Later, as he expanded his loans to multiple villages, he bumped against, and overcame, the cardinal rule of banking — that loans without collateral should be unbankable. “That propelled the entire microfinancing revolution,” says Sarasvathy.
But Sarasvathy’s point is that entrepreneurship leads to surprises and that the entrepreneurial method — which includes its teachable way of thinking — can overcome hurdles, whether expected or not.
“Professor Yunus’ original purpose was not to empower illiterate women in Bangladesh by lending them money,” says Sarasvathy. “But he did — following a natural disaster — and they later returned the money and gave him gifts too. And he thought, ‘Why the heck not do this all the time?’ Now empowering poor women has become the intrinsic purpose of the venture he built.”
“I truly believe everyone should be taught the entrepreneurial method — whether you want to start a business or not, just as we teach science to every school student,” says Sarasvathy.
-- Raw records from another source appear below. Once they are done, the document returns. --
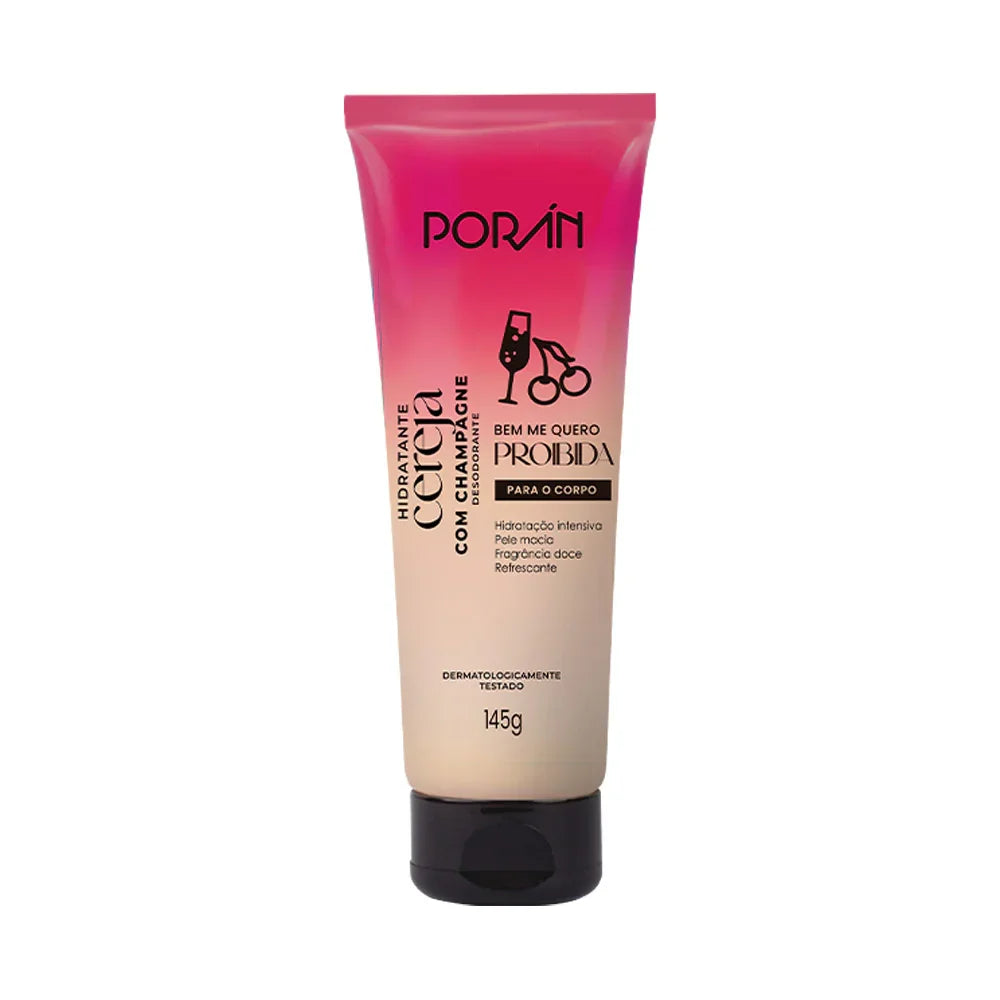 HIDRATANTE CEREJA COM CHAMPANHE 145G PORAN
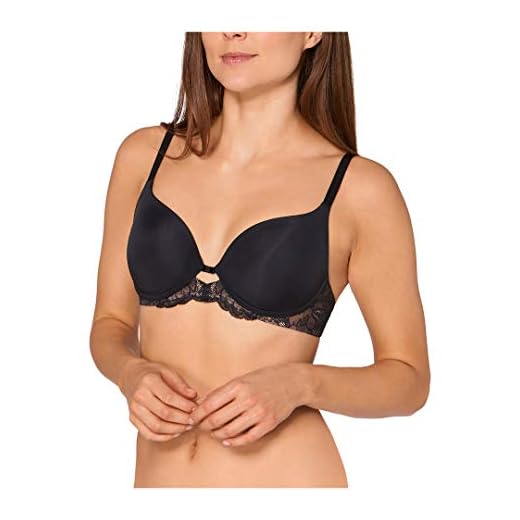 Triumph Damen Amourette Charm WHP01 Halbschalen BH, Schwarz, 95A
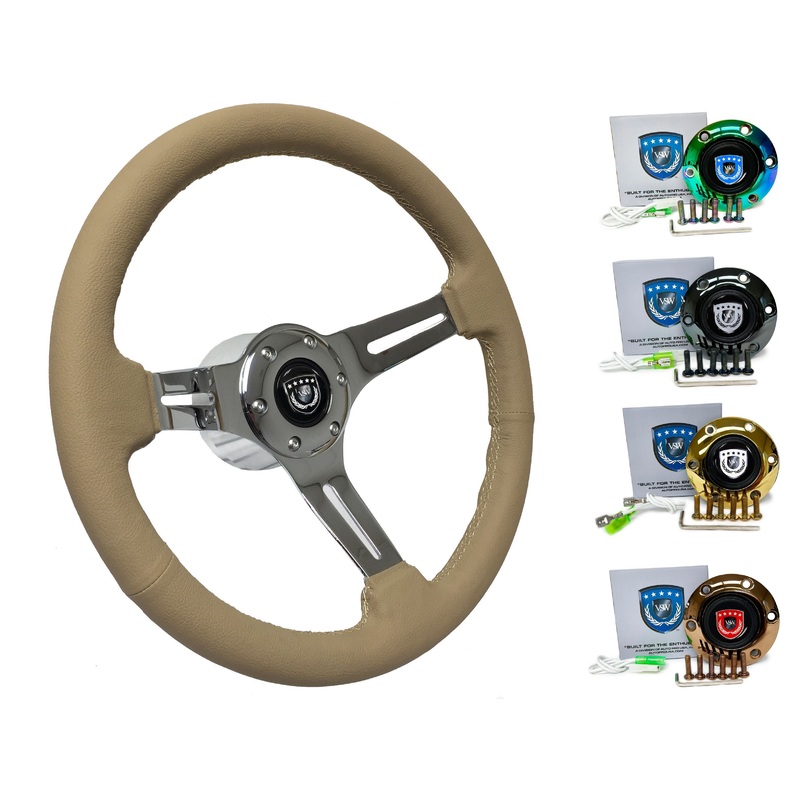 2004-13 BMW 3-Series Steering Wheel Kit | Tan Leather | ST3012TAN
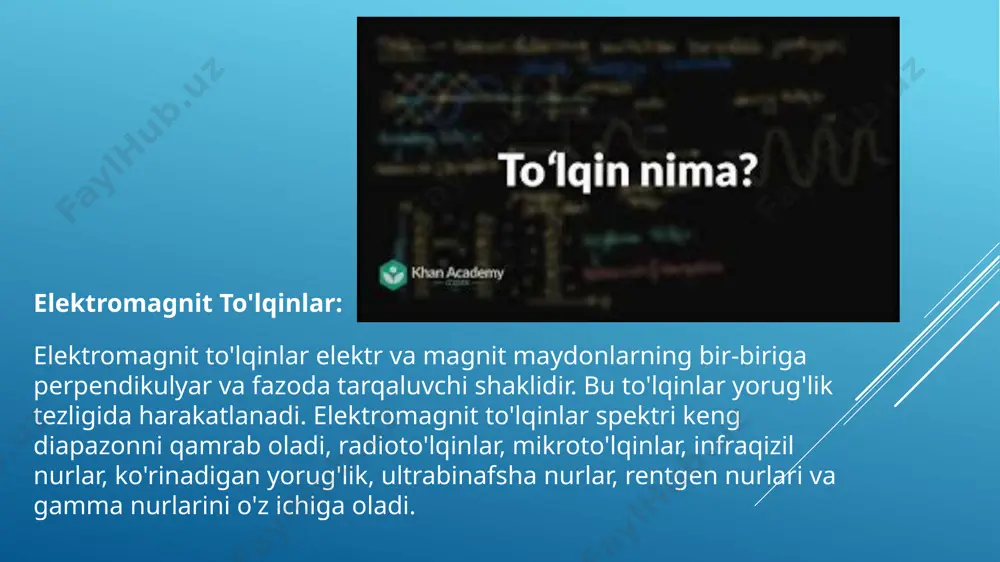 elektromagnit tebranishlar va to‘lqinlar - Page 3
The world is now suffused with the benefits that have come from the use of the scientific method, and everyone reaps the benefit of that revolution in thinking, she says. Not everyone who learns science has to use the scientific method to better the world — just a critical mass of people, she adds. The same is true with the entrepreneurial method.
She believes that though the scientific method took several centuries to take hold, the entrepreneurial revolution will take much less time because of technology. “I think maybe 50 years. There’s already a movement in Denmark and South Africa to teach entrepreneurship in the first grade. People are pushing it earlier. The movement is definitely there.”
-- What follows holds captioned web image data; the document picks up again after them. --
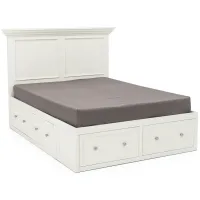 Direct Designs® Spencer White King Storage Bed
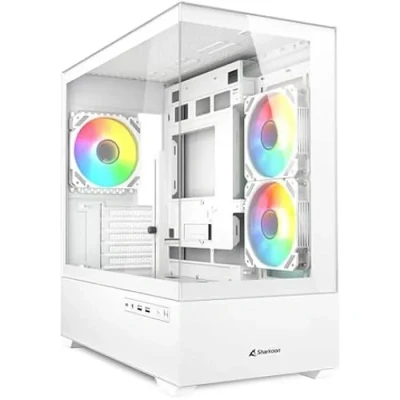 Image de Boîtier PC SHARKOON MK6 RGB Micro ATX Verre Trempé 3 Ventilateurs LED RVB 120mm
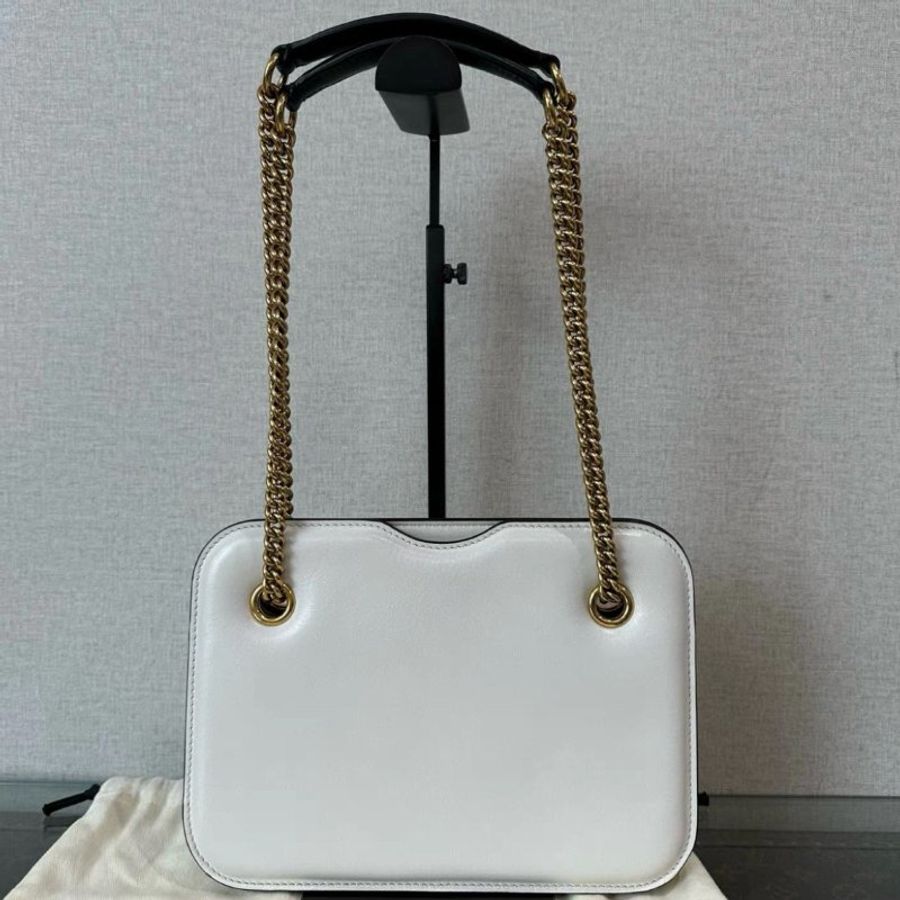 FENDI 金扣手提肩背風琴包 25.5*18*7 98新 配件塵袋-5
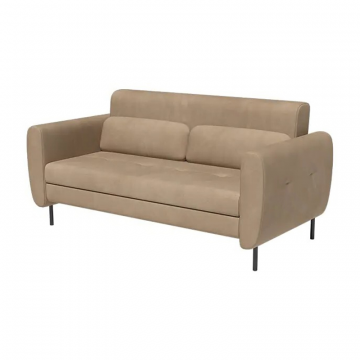 Siena диван-кровать прямой с подлокотниками, бархат бежевый 5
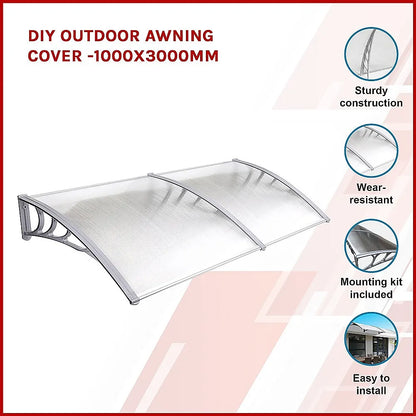 DIY Outdoor Awning Cover -1000x2000mm - Image 3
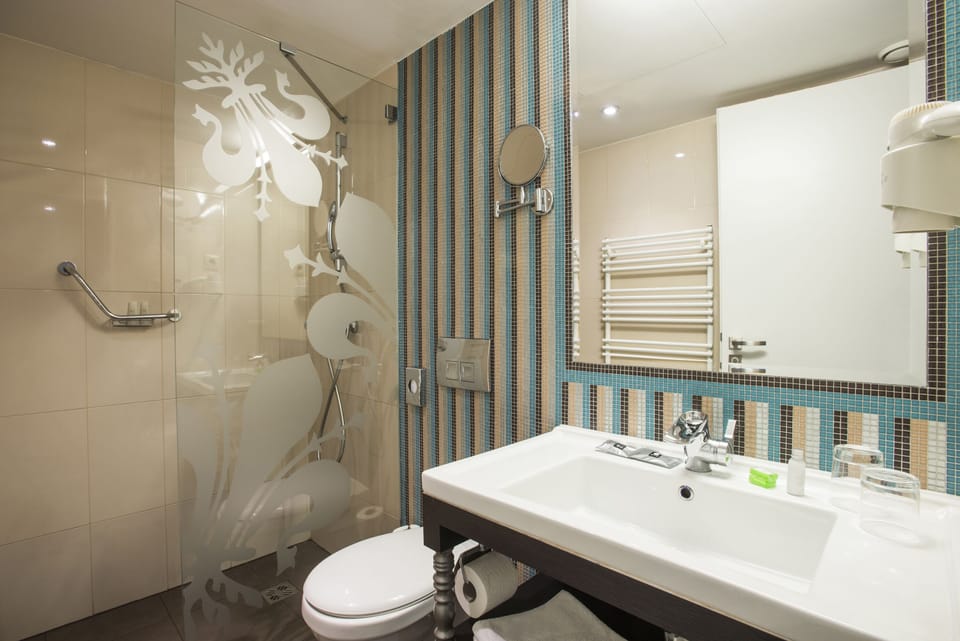 Basic Double or Twin Room | Bathroom | Free toiletries, hair dryer, towels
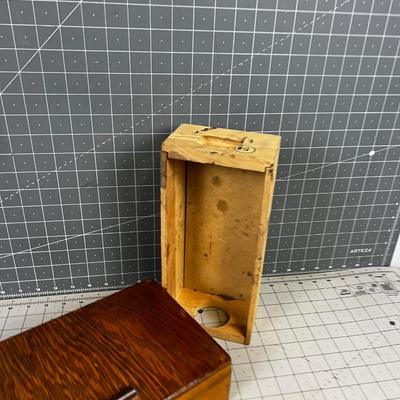 Wood Boxes (2)  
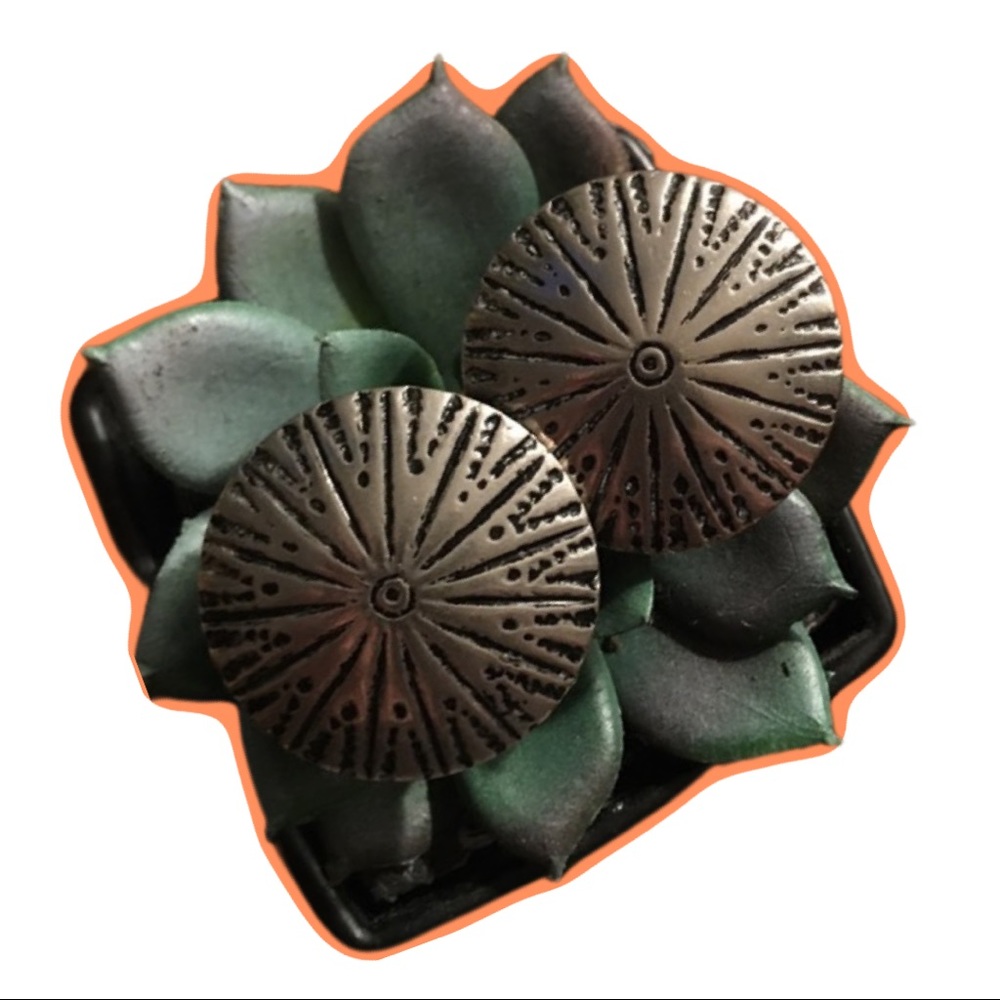 Vintage Silver Clip ons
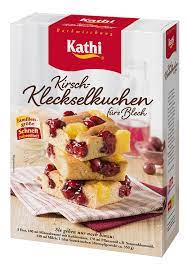 Kuchen backen mit wenig aufwand. Kirschkleckselkuchen Furs Blech Kathi Blechkuchen Erwecke Die Kathi In Dir Kathi De Kathi Rainer Thiele Gmbh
She says she fully expects that “in 50 years entrepreneurship will be taught in more basic ways. We have to come up with class exercises. We have to come up with mechanisms to teach the contents. We have to develop teaching materials.”
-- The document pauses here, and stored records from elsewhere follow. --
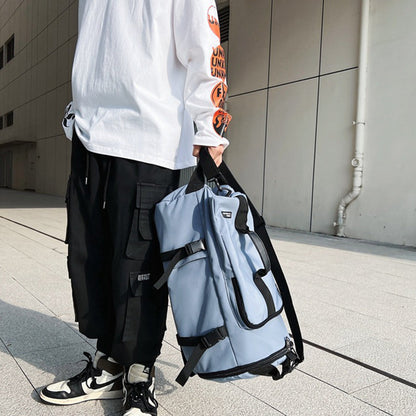 3-in-1 Sports Duffle Bag Travel Backpack Weekender Overnight Bag Blue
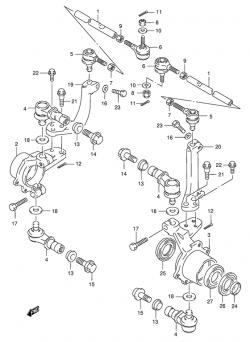 Knuckle arm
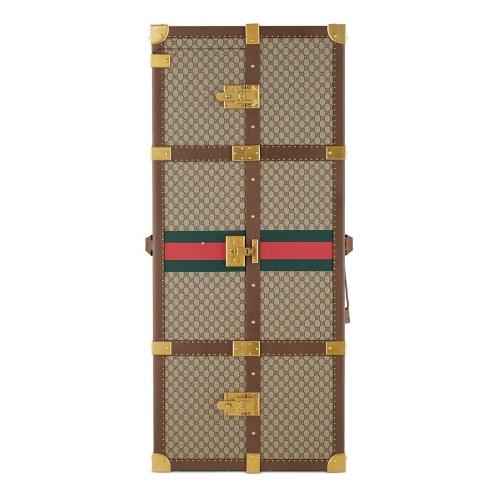  GUCCI古驰 22年秋冬 女士 饰织带行李箱 194058 UVAAT 8358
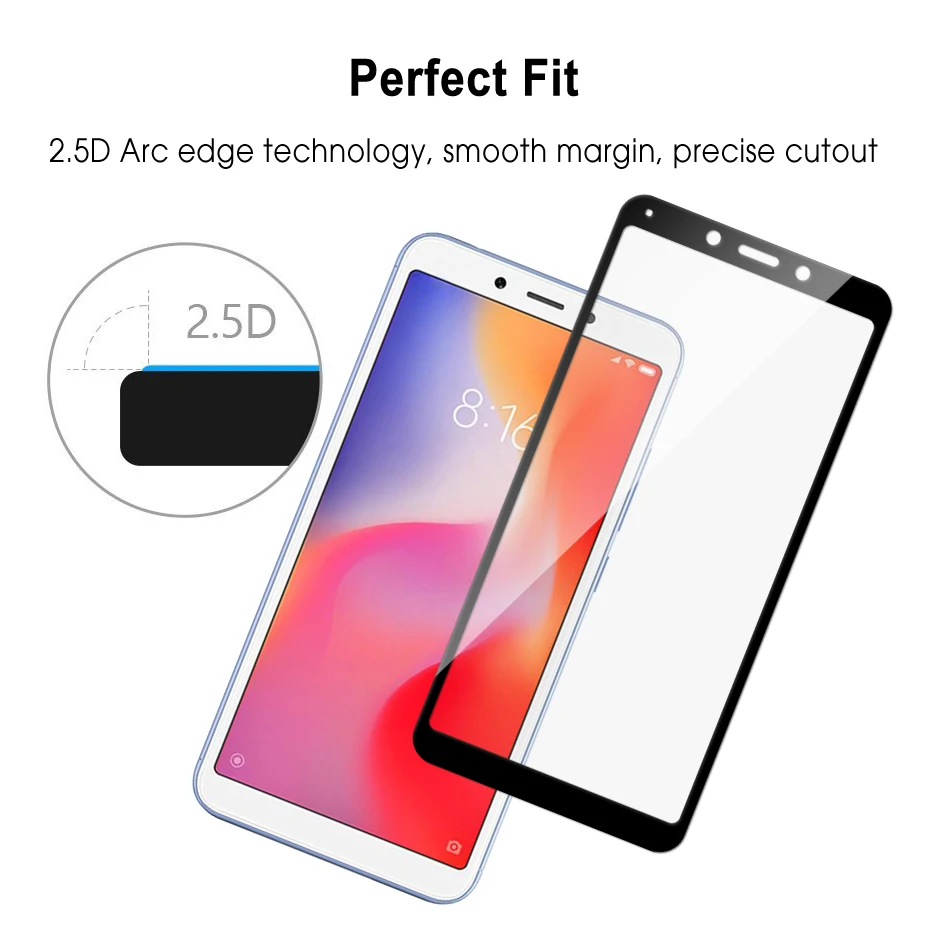 Redmi 6 6A Защитное стекло для Xiaomi закаленное HCZCI Высокое качество 2.5D 9H HD полное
In the end, Sarasvathy believes the world will become a more “entrepreneurial society.” But that doesn’t mean there will necessarily be more businesses in the world. In fact there could be fewer. “We won’t necessarily see more ventures. But we will see people being more entrepreneurial. Being more entrepreneurial does not necessarily mean starting more companies; it means starting better ones that endure well and create more value,” she says.
That could mean thinking in different ways about how to offer talent or help. “It could mean peer-to-peer equity investing — not only money, but time and talent. People can pitch in for staffing needs,” she says.
Meanwhile, the fervor for studying the entrepreneurial method continues unabated. There is now an effectuation society in Japan. Turkey holds an annual effectuation week — though they didn’t invite Sarasvathy, because only Turkish was being spoken at the event. The third international conference on effectuation was held in Twente, in the Netherlands, in December 2014.
“We’re only 10 years into the movement and the interest is just phenomenal,” she says. “But when you think of effectuation as a toolkit for the entrepreneurial method, it makes sense.”
Carlos Santos is a freelance writer and co-author of Rot, Riot and Rebellion: Mr. Jefferson’s Struggle to Save the University that Changed America.